Record set:
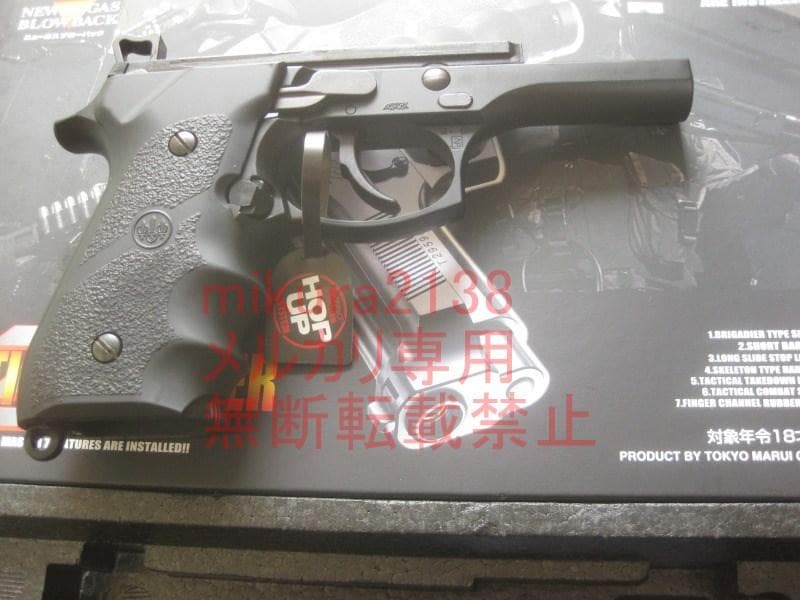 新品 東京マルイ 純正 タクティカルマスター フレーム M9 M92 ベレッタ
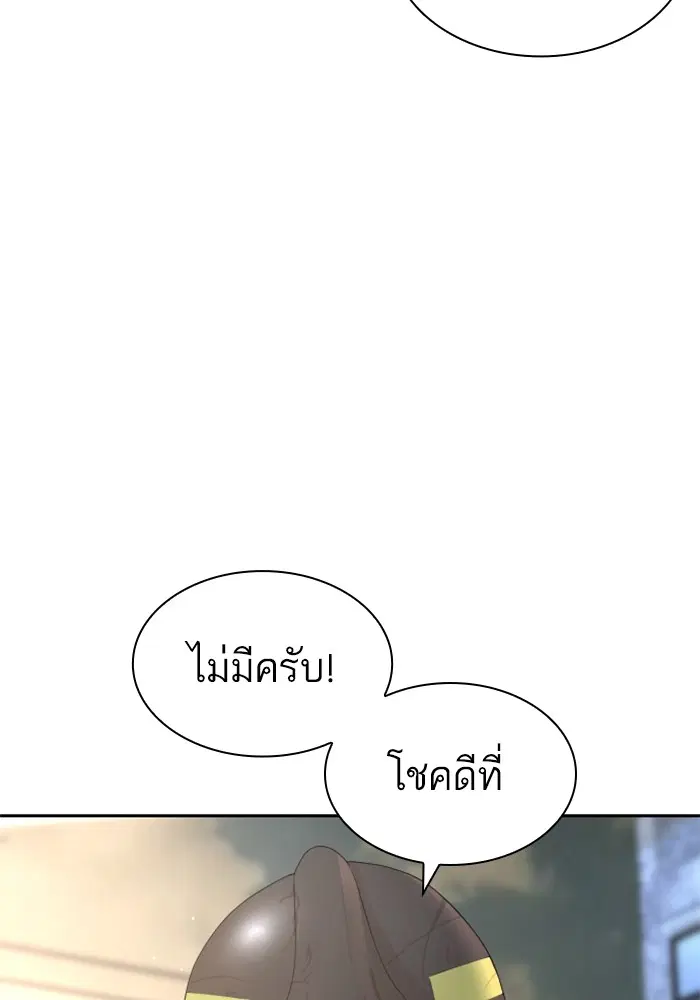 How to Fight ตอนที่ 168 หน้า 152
...
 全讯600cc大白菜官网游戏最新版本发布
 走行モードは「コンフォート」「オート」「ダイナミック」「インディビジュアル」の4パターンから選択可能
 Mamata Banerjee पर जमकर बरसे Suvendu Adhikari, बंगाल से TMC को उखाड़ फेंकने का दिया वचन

What to produce: Starting at the line that contains "新品 東京マルイ 純正 タクティカルマスター フレーム M9 M92 ベレッタ" and ending at the line that contains "How to Fight ตอนที่ 168 หน้า 152", transcribe the material above exactly, excluding pictures.

Task output:
 新品 東京マルイ 純正 タクティカルマスター フレーム M9 M92 ベレッタ
 How to Fight ตอนที่ 168 หน้า 152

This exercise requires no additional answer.